October 09, 2012 // By: Jennifer Lankheim

Alberto Savoia, founder of Pretotype Labs and former Google innovation executive, says pretotyping – a method for deciding whether or not to pursue a new idea - can save companies millions by bringing the right products to market, like Twitter, and avoiding disasters, like Google Wave. (Photo: Alberto Savoia)
Interview: Alberto Savoia
Innovation is all the rage these days, with companies and contributors racing to rock the market with the ‘next big thing.’ Unfortunately, most new products and innovations fail – not because they are poorly executed but because the idea wasn’t the right idea.
“The biggest challenge in innovation isn’t coming up with new ideas, it’s identifying which of those ideas will be successful in the market,” says Alberto Savoia, founder of Pretotype Labs and former Google innovation executive. “Pretotyping helps organizations test their innovative ideas to make sure that they have the right ‘it’ before they invest in building ‘it’ right.”
I sat down with Savoia in Silicon Valley earlier this month for a lively Q&A. Savoia explains why a seemingly great idea goes bust while an outright crazy one makes bank, and argues that pretotyping, often seen as a ‘just a start-up thing,’ is relevant to big business.
Alberto Savoia: I’ve had the good fortune of being an early employee of two companies that went on to become industry giants – Google and Sun Microsystems – but in my heart of hearts, I’m an entrepreneur. After my first stint at Google from 2001-2002, I had a successful start-up. Then I had a second start-up. We felt we were doing everything right. We raised a sufficient amount of money, had great people.
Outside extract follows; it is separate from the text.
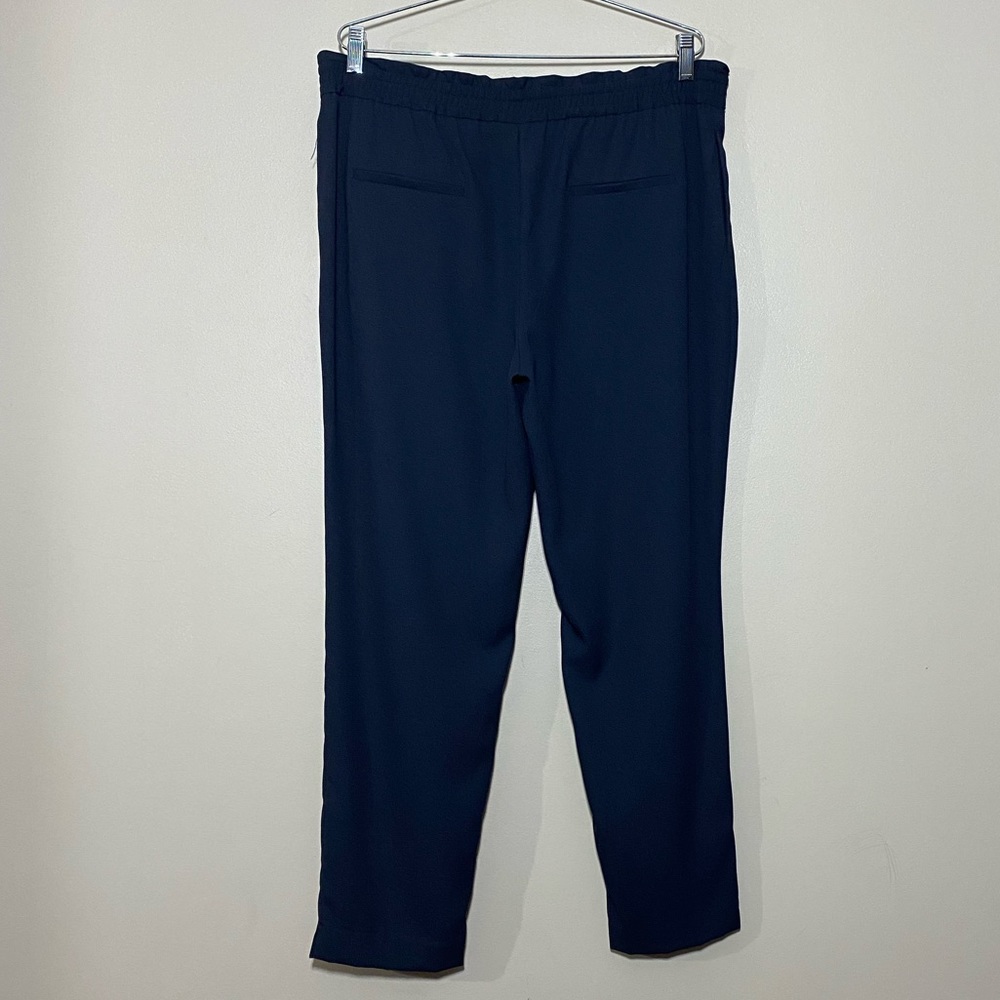 - NWOT Zara light weight Crop  pants size xl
Everything should have gone perfectly, but when we launched the product, not enough people wanted it; it wasn’t successful. I asked myself, what went wrong here? I went back to Google in 2008 with the intention of studying failure: Why is it that eight out of ten start-ups fail? Why do 80 percent of new product introductions flop?
Make sure you’re building the right ‘it’ before you build ‘it’ right. This doesn’t just apply to technology; ‘it’ could be anything. If you’re an author, before you write a book you want to make sure there’s a market for it.
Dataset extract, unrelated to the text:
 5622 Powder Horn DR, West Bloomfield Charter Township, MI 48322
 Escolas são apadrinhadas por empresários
They think they know the market, but really they’re just guessing. All entrepreneurs fall in love with their great idea, so they invest a lot of money, launch it, and nothing happens. Google Wave, which was supposed to replace email, is a famous example. It was done by two of the smartest people at Google. It had the pedigree; it had the people. Email was ready for an improvement, and yet – after a significant investment – the launch fell flat on its face. Why? Because, instead of actually collecting data on whether or not people would use the product, they asked for opinions about the product and based the development on that.
I’ll give you an example. Remember Webvan? They presented the idea and asked people if they’d like to order groceries online. Everybody said, “Yes! Of Course! The Internet is cool; it’s a convenient service; and I like to shop!” So, on the strength of that positive reaction, they went for it and launched the company, all out. In just a few years, Webvan raised nearly a billion dollars, built huge refrigerated warehouses full of stock, and acquired a fleet of vehicles. Well, it turns out that even though nearly 100 percent of the people surveyed loved the idea of Webvan, only about two percent of them actually used it. And the company went out of business.
Apply pretotyping to the Webvan example and instead of spending over $100 million to launch the company based on surveys, they would have started small and watched what happened. They would set up the website, advertise it one market – say, San Francisco and its suburbs – and see how it goes. They would not buy warehouses and trucks; instead they’d work out some kind of deal with a supermarket (or something) to fulfill the orders.
Had they done this, Webvan would have seen that the number of people who said they would use the service was dramatically different than the number of people who actually did use it. They would have seen that the majority of users were in the City. It would have been apparent that they needed to scale back the concept, tailor it to city-dwellers and forgo the suburbs. And they would know this without having spent enormous amounts of money. The Webvan story might have ended differently.